Now, it may make sense to discuss the cost of litigation when consulting on a Bill whose purpose is to prevent patients who have been harmed by experimental treatment from suing their doctors, but what the Department of Health did not attempt to do was describe how much litigation arose from such experimental treatment. Without knowing this, it’s impossible to know if the Bill could save money.

We can find out, because the bodies who have to indemnify and defend doctors when they are sued know exactly how much litigation arising from “innovative treatment” costs. It’s zero. £0.00. The Medical Protection Society, the Medical Defence Union, The British Medical Association and the Academy of Royal Medical Colleges, The NHS Litigation Authority and the Medical Research Council, Cancer Research UK and many other organisations cannot between them identify a single case of litigation arising from a doctor’s decision to try an innovative treatment.

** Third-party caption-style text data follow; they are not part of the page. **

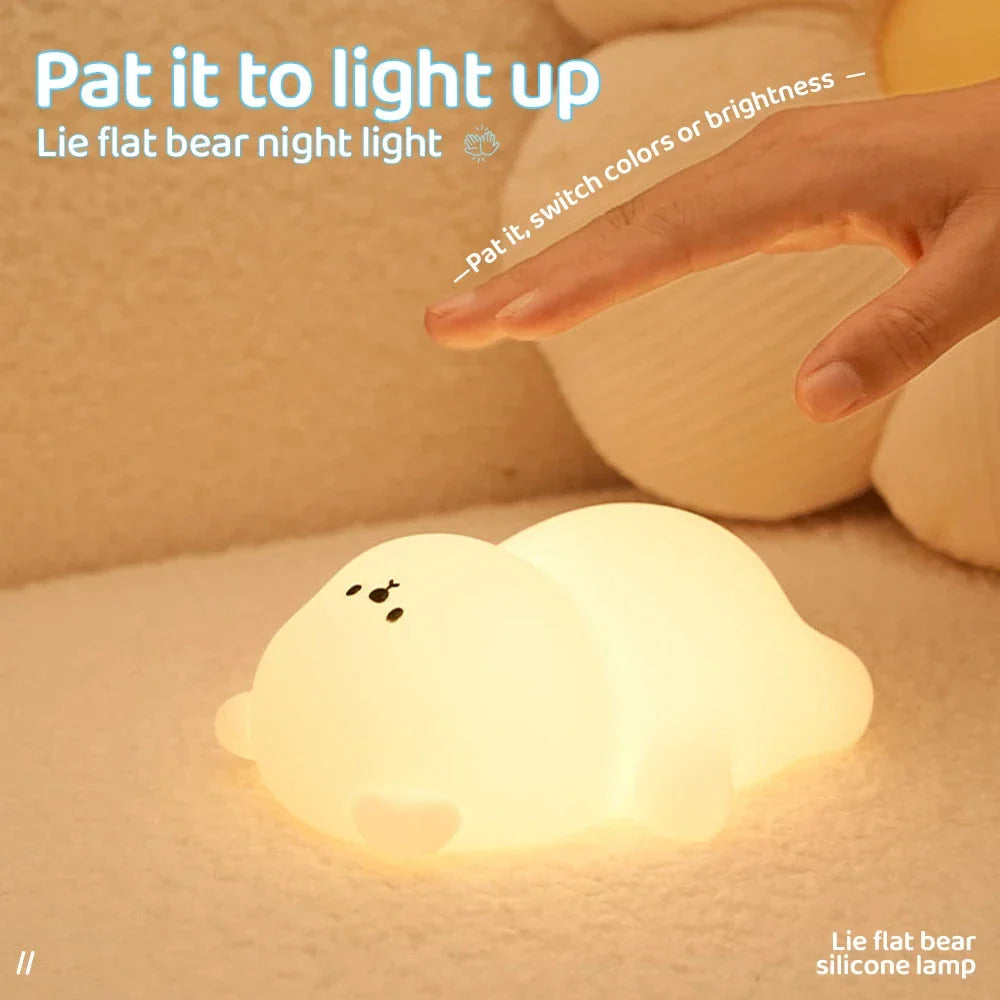 Cute Laying Bear LED Night Light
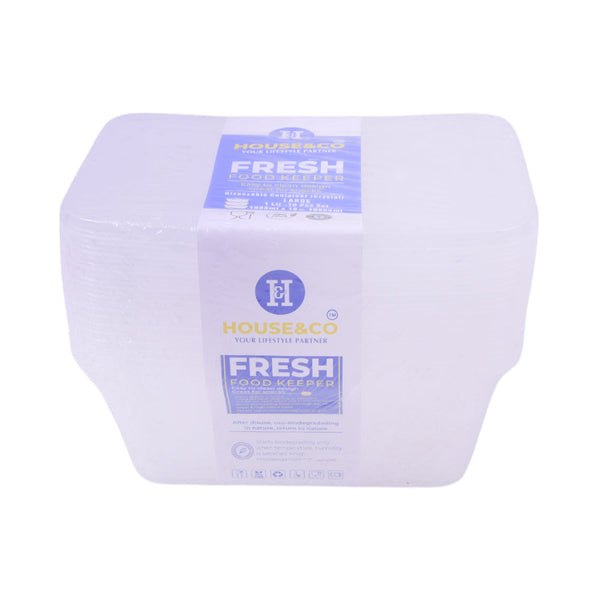 HOUSE & CO DISP RECT. CONTAINER CLEAR 1000ML 10PCS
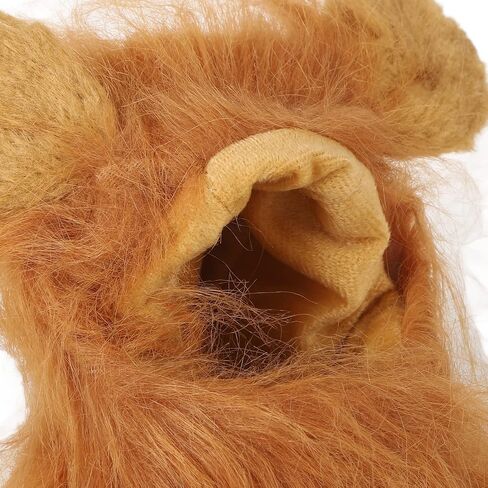 Lion Mane Wig, Cotton Fluffy Authentic Design Funny Lion Mane Hat Adjustable Washable Easy to Wear Lion Mane Costume for Cat Small Dog Halloween Christmas (Light Brown) in Saudi Arabia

So why should the Department of Health still look kindly upon this Bill? Well, given that the Bill is deliberately vague about what constitutes “innovative treatment”, and how much protection it could potentially give doctors at the expense of their patients, it is likely that a whole swathe of current practice could be recast as “innovative” in order to gain the protections of the Bill. The majority of current paediatric prescribing, for example, is for medicine that is not licensed for use in children. The use of unlicensed medication is an area the Bill campaign was clear on wanting the Bill to cover. It is entirely possible, then, that the Department of Health are if favour of this Bill because they see the opportunity to drive some treatments outside the reach of the law.

Let’s pause to think through the implications of this for a moment. The Bill can only save on litigation costs by taking some current treatments outside the protection of the law.

The end result

You will have your own views on whether it is a good idea to prevent doctors being sued for bad practice, or to prevent anyone being able to stop them from repeating that bad practice. You will have your own views on whether it is appropriate for somebody who is harmed by the treatment they have received to be compensated with enough money to pay for the long-term care they may now need as a result of that harm. But there is a further problem with any plan to throw whole swathes of patients to the wolves in order to save on litigation costs. Because it may not even reduce the cost of litigation.

Sir Robert Francis QC says of the Department of Health’s consultation document, “The assessment suggests there will be a reduction in medical negligence claims. On the contrary there is likely to be protracted and complex litigation about the meaning of this Bill.” The reason for this is simple. In future, in order to demonstrate negligence, a claimant would first have to show why the Bill did not apply, and only then go on to show why the treatment was negligent. This is clearly a more protracted way of working, and runs the risk of denying people who have been harmed from seeking a remedy.

Whatever the end result, by ushering through these “Private Member’s Bills”, the Department of Health can absolve itself of any responsibility for the fall-out. When the bodies start piling up, the blame will fall on Saatchi and Heaton-Harris. Or so the Department of Health must hope.

We’ll finish with the words of George Freeman MP, speaking on behalf of the Government in the adjournment debate on the Saatchi Bill in the House of Commons last December:

I want to be clear that, as the Bill completes its passage in the House of Lords, I hope it returns to this House in a form that the vast majority of medical opinion and respectable bodies in the medical field feel able to support. It is not our intention to have a Bill that undermines public or patient trust in research medicine.

It is clear that the Bill has not arrived in a form that lives up to Mr. Freeman’s hopes. It is now time for the Government to make good on its promise and stop enabling this execrable Bill.